On his return to base, he knew what to expect. He had checked with the Overlord; no one had entered the chamber since he had last been inside, and Kyne himself had opaqued the cube on his way out. Still, he nodded to the last guard, and braced himself for what would come.

Before him loomed the daemon, its silver hexagon taking up an impossible amount of the cube. Its swirling black eye trained directly on Kyne. He felt he would rather take a plasma cannon to the chest than withstand its gaze. He was powerless, he was weak. This daemon was greater. Chaos was greater. What chance did he have, mere human against such a beast?
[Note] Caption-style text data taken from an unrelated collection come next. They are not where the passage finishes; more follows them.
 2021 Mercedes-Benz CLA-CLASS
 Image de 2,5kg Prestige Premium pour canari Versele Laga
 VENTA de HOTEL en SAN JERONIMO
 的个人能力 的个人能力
He began to weep. This was a hopeless task. Why delay the inevitable? Mankind was lost already. Kyne was lost already; no more was he an Inquisitor than was Waldon. The Emperor will wither and Chaos will reign. Therein lies the great mistake of man; to hope. To hope against hope that there is light when there is none.
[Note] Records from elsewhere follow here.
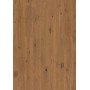 Hardwood Flooring BOEN Stonewashed 138mm Oak Honey Live Natural brushed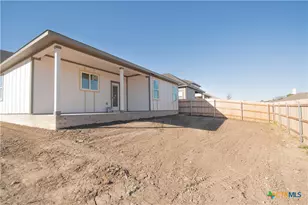 1998 Rosson St, Nolanville, TX 76559 - Photo 2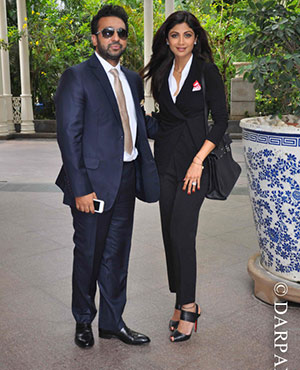 Satyug Gold Plan Launch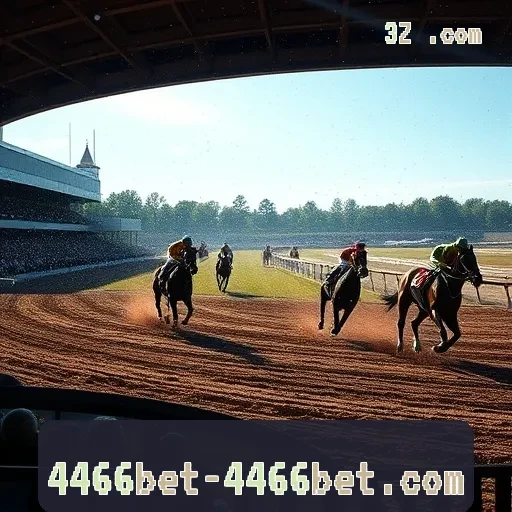 4466 BET: Descubra os Melhores Caça-Níqueis em Um Só Lugar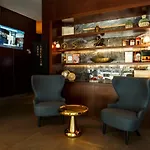 Hotel Dauro Premier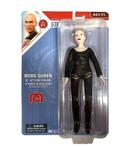 Star Trek First Contact Action Figure Borg Queen Limited Edi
Kyne had failed. His will was broken, his faith shattered. He was a heretic. He had to get out and get free. Tears rolled down his face and splashed on the lapel of his coat. As he reached out to brush them off, he paused.
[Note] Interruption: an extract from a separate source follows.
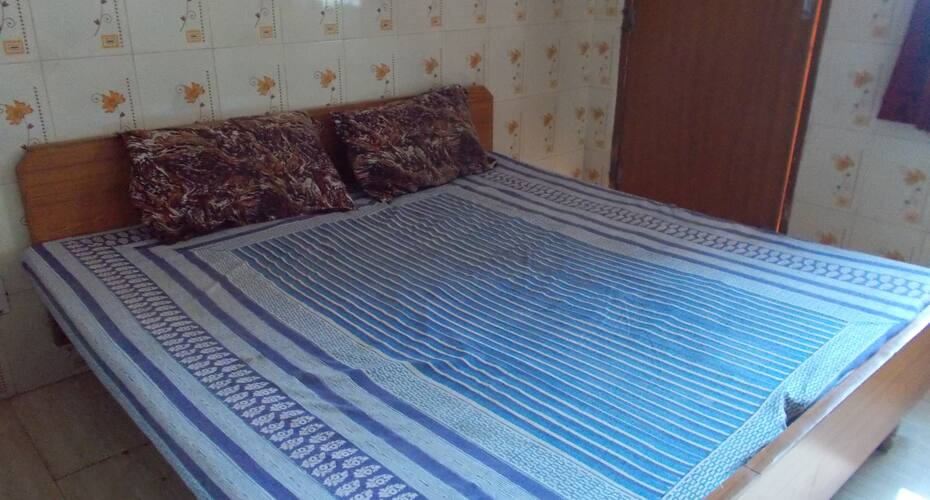 Hotel Miriraj, Bhagalpur 1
Wait, he thought…that was it.

The tears stopped, and laughter poured out of Kyne like smoke from a grenade. He had worked it out.

That was the true evil of the thing. That was the truly glorious, absolute, mind-bendingly wondrous evil of it. Kyne was no a heretic. How could he be? He was an Ordo Malleus Inquisitor - the Emperor’s watchdog against exactly this kind of threat. He was pure – of heart and mind. This thing, this daemon, this mess of shape and colour – had no real power. It could only try to worm its way inside his mind and squeeze it like a lemon; to try to make him believe he was a heretic, and trust that his guilt and conditioning would destroy him.

Had Kyne been a lesser man, one prone to the heretical wanderings of a weak mind and the inevitable tumbling spirals of self-loathing and flagellation that follow, the daemon’s plan might have worked. The prismatic beast had certainly done a number on Kyne’s predecessors.

But he was Kyne, the Fixer. He had built a name and a career out of succeeding where others had failed. And he was sent here to succeed.

He was still laughing as he opaqued the plasteel containment cube and brushed past the startled guards outside. He paused at the top of the stairs to lean on the rail and wipe away a stray tear.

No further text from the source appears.